[Exercise data Boundary: Start]
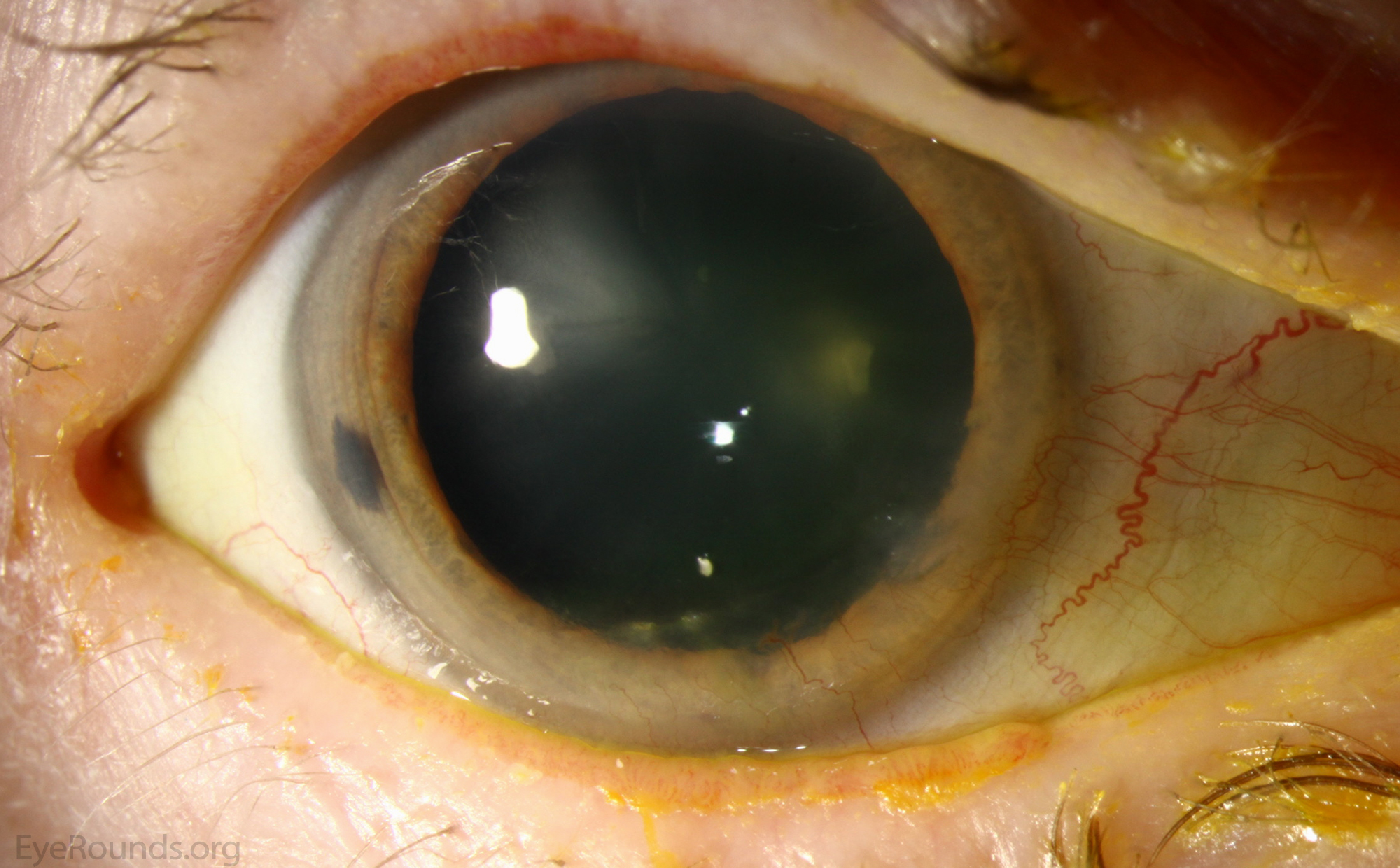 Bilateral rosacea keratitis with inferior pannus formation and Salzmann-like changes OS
[Exercise data Boundary: End]
[Exercise data Boundary: Start]
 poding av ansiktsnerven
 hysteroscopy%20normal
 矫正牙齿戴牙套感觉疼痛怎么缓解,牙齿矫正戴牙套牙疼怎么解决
[Exercise data Boundary: End]
[Exercise data Boundary: Start]
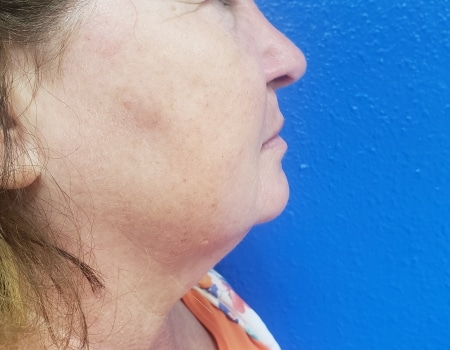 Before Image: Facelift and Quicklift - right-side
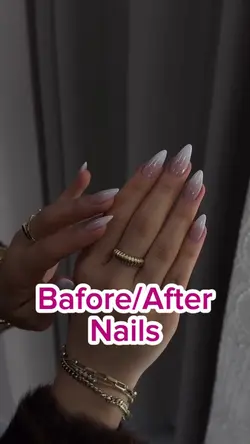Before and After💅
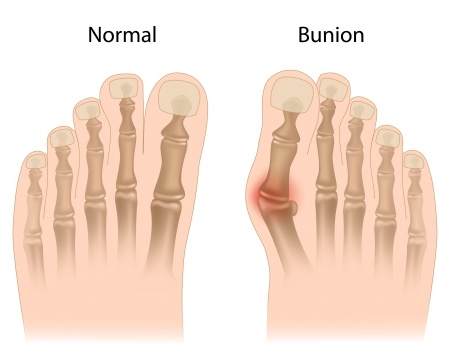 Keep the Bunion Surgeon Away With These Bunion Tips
[Exercise data Boundary: End]
To do | What is needed is a verbatim copy of every line in the records above from the one containing "poding av ansiktsnerven" down to the one containing "矫正牙齿戴牙套感觉疼痛怎么缓解,牙齿矫正戴牙套牙疼怎么解决", both included, and nothing more.

Response to the exercise |
 poding av ansiktsnerven
 hysteroscopy%20normal
 矫正牙齿戴牙套感觉疼痛怎么缓解,牙齿矫正戴牙套牙疼怎么解决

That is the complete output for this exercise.